Chinese homebuyers usually pool the resources of the whole family to buy a home and have become accustomed to real estate prices only going up. However, this will not happen if the houses remain unfinished.

“It’s a matter of life and death … if their homes become negative assets,” Alfred Wu, an associate professor at the National University of Singapore, told Bloomberg in July.

Widespread mortgage boycotts could exacerbate developers’ liquidity crunch. An estimate by Australia’s bank ANZ says the protests could affect over $220 billion worth of home loans from lenders.

turbulence ahead

China’s central government now faces a dilemma: finding a way to boost consumer confidence in the property market and end the boycotts without bailouting developers outright.

An obvious solution would be for the government to step in and bail out the country’s ailing developers, who could then resume housing projects.

But Houze Song, a fellow at the Paulson Institute, a US-China-focused think tank, wrote in an August note that the solution was politically challenging as Beijing feared it would shift all the costs to the central government. That means it’s up to smaller, local communities.

“Until now, containing the problem has been left to local governments. But they are increasingly … overwhelmed as the problem grows as uncompleted projects are heavily concentrated in cities with weak housing markets and anemic growth,” Song said. “This means that the size of the bailouts required is disproportionate to the fiscal capabilities of these local governments.”

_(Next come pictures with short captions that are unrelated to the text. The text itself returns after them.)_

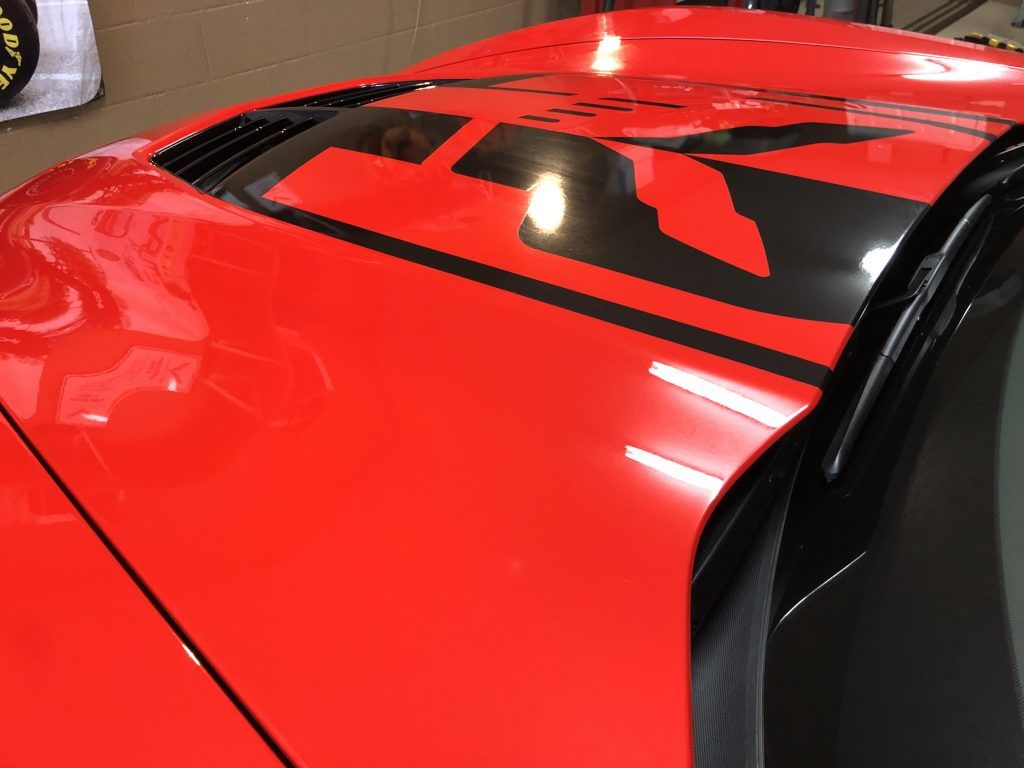 A red car with a black stripe on the hood is parked in a garage.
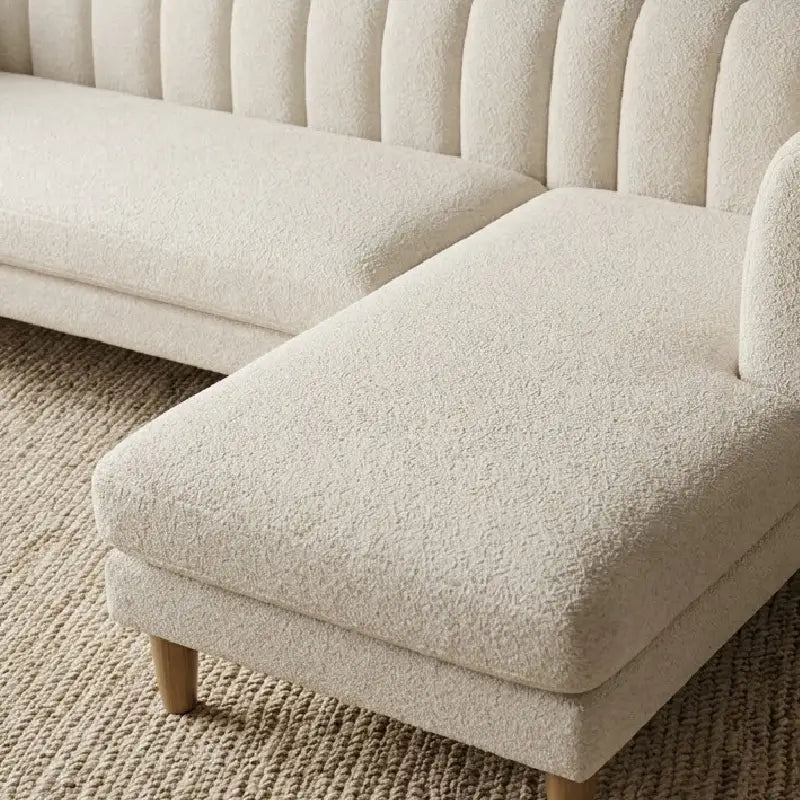 leatherette sofa set with two-seater configuration with elevated wooden legs, backrest detail
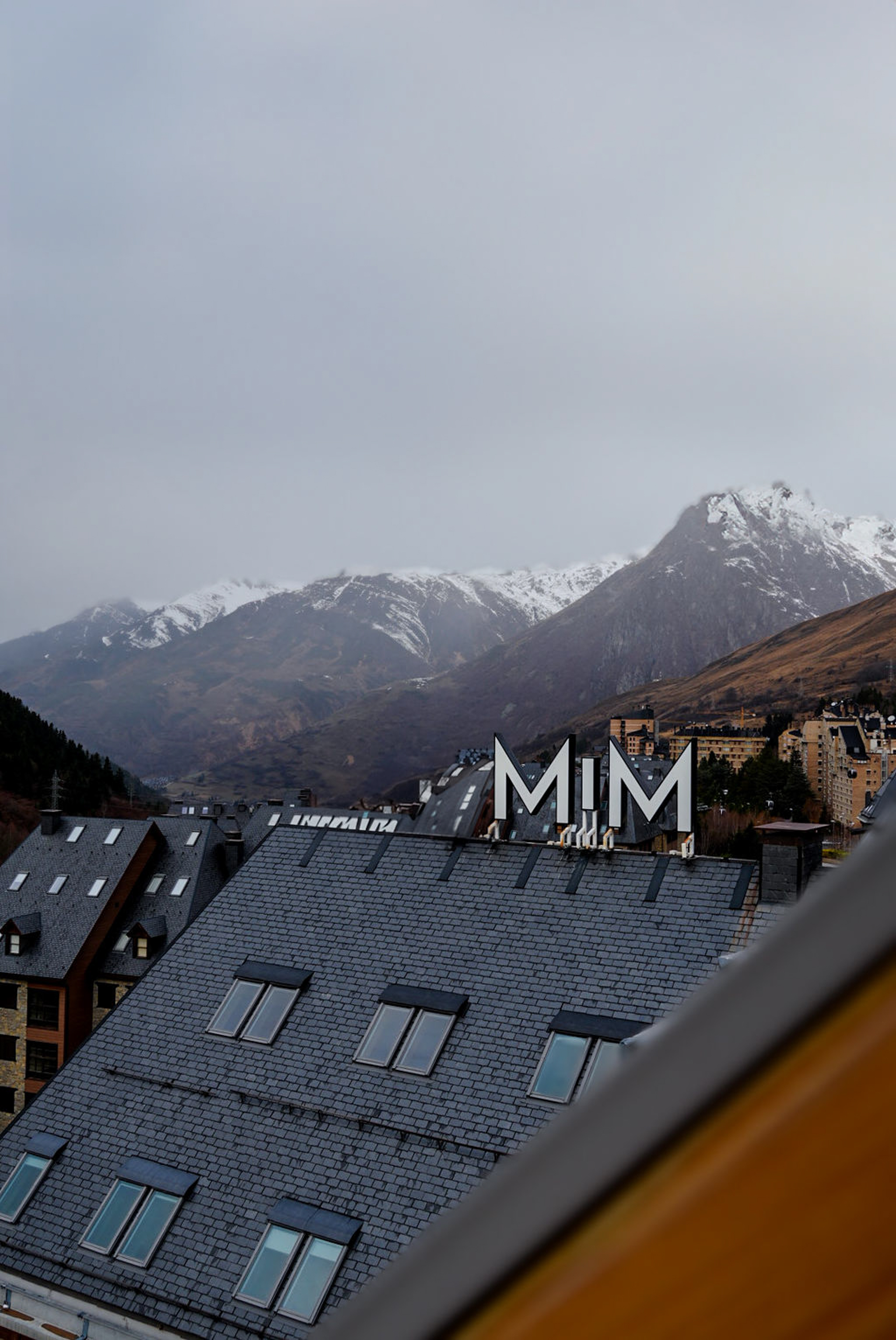 a rooftop of a building with snow covered mountains in the background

The real estate fair Shimen, where Deng Bibo spoke, presented 19 developers and 10,000 houses. The county government offered coupons worth $442 to potential home buyers and promised to subsidize 50% of the property tax on every house sold. Local officials in other counties have also taken matters into their own hands: officials in Yulin, Guangxi, went door-to-door to tell villagers to buy a total of at least 8,000 houses this year, according to Chinese media.

Responding to the public outcry over Deng’s speech, Shimen County officials told Chinese media that he just wanted to encourage everyone to buy a house – and not to overstate his words.

Song argues that the current mortgage crisis will become “much more significant” than the Evergrande default a year ago.

“The solution requires Beijing to mobilize significant political capital and not just financial capital,” he said.